Look at this example below…what is the relationship between X and Y? Overall, there is a negative relationship (Y decreases as X increases). But when we look within groups, Y increases as X increases. Which is right? There may or may not be a right answer depending on the context.

### Demostration of Simpson's Paradox
# Load packages
library(tidyverse)

# Set up a simple dataset
simpson_data <- tibble(id = seq(1:9),
                       x = c(1:9),
                       y = c(7, 8, 9, 4, 5, 6, 1, 2, 3),
                       group = c(1, 1, 1, 2, 2, 2, 3, 3, 3)) %>%
                mutate(group = factor(group))

# Plot the graphs with and without grouping
simpson_data %>%
  ggplot(aes(x = x, y = y)) +
  geom_point(size = 3) +
  geom_smooth(color = "#00759a", method = "lm", se = FALSE) +
  labs(x = "X Variable",
       y = "Y Variable",
       title = "The Aggregate Trend is Negative (Negative Slope)") +
  theme_minimal()

## `geom_smooth()` using formula 'y ~ x'

simpson_data %>%
  ggplot(aes(x = x, y = y, color = group, group = group)) +
  geom_point(size = 3) +
  geom_smooth(color = "black", method = "lm", se = FALSE) +
  labs(x = "X Variable",
       y = "Y Variable",
       title = "The Within-Group Trend is Positive (Positive Slope)") +
  scale_color_manual(values = c("#7a0019", "#ffcc33", "#00759a")) +
  theme_minimal()

## `geom_smooth()` using formula 'y ~ x'

16.5 What to Do

There are no perfect answers. Any model is susceptible to fail, but we can take steps to minimize issues. In a 2019 talk on Ethical AI, Ayodele Odubela proposes three steps for ethical AI/machine learning projects which are generally applicable to most data science applications.

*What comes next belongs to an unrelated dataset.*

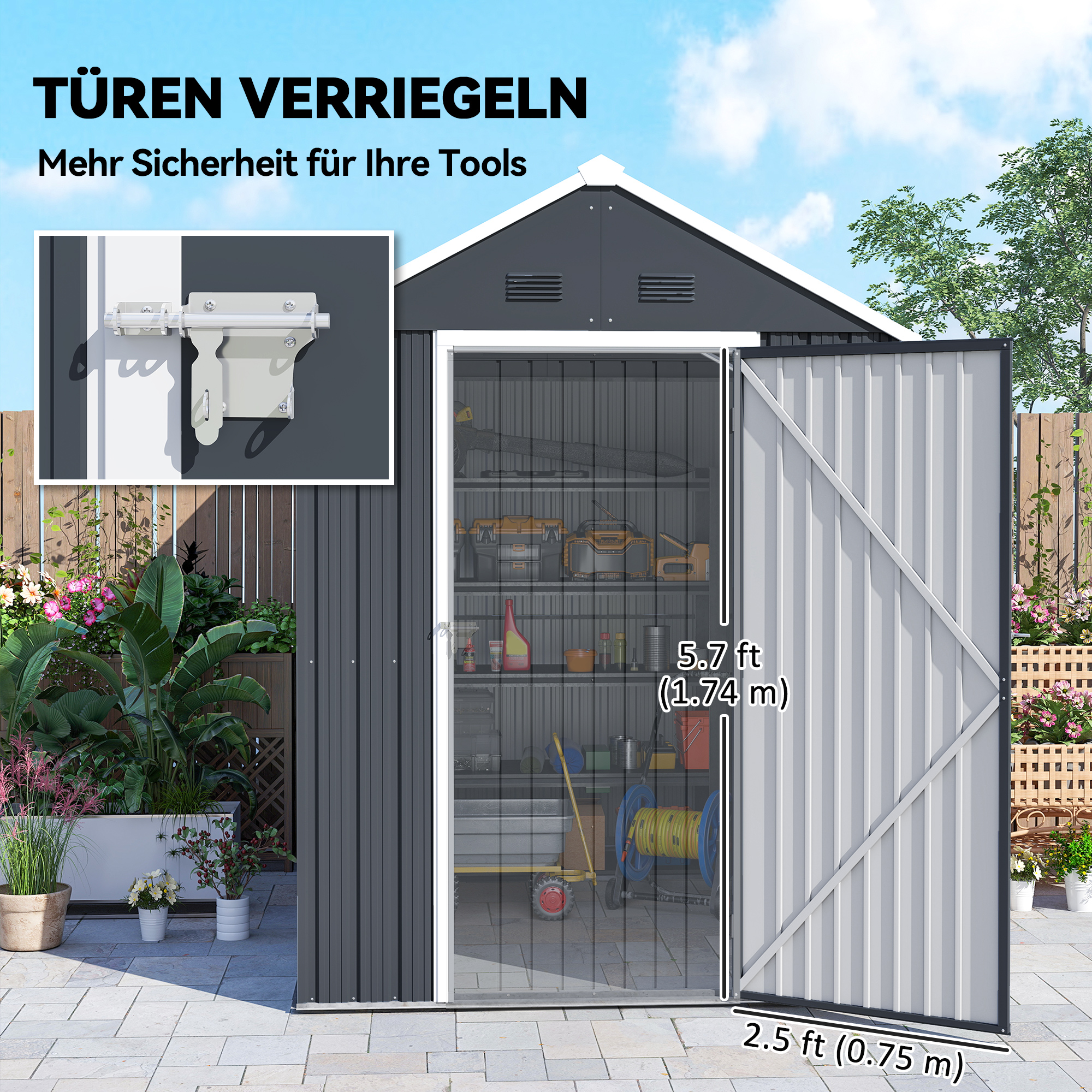 Gartenschuppen, Metallgerätehaus, Doppeltür, Fenster, 259x172x222 cm, Grau/Weiß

Question if the Solution fits the Problem: What is the business/social problem you are trying to solve? Does this application actually help solve it? (If developing a model, especially a machine learning one, ask “Do we really need machine learning?!”)
Examine for and remove biased proxies: Proxies are “stand-ins” for what we really want to know. For example, credit score is a proxy for someone’s ability to pay back a loan (and more broadly, their likelihood of having a job with a certain income). If your data includes bias, then any outputs will probably also be baised.
Give models feedback and test for bias: Look at the models, and give them test data. For example, you could feed the model data that differs only on one dimension (such as gender or race); if it gives categorically different responses where it probably shouldn’t it could indicate there is a problem.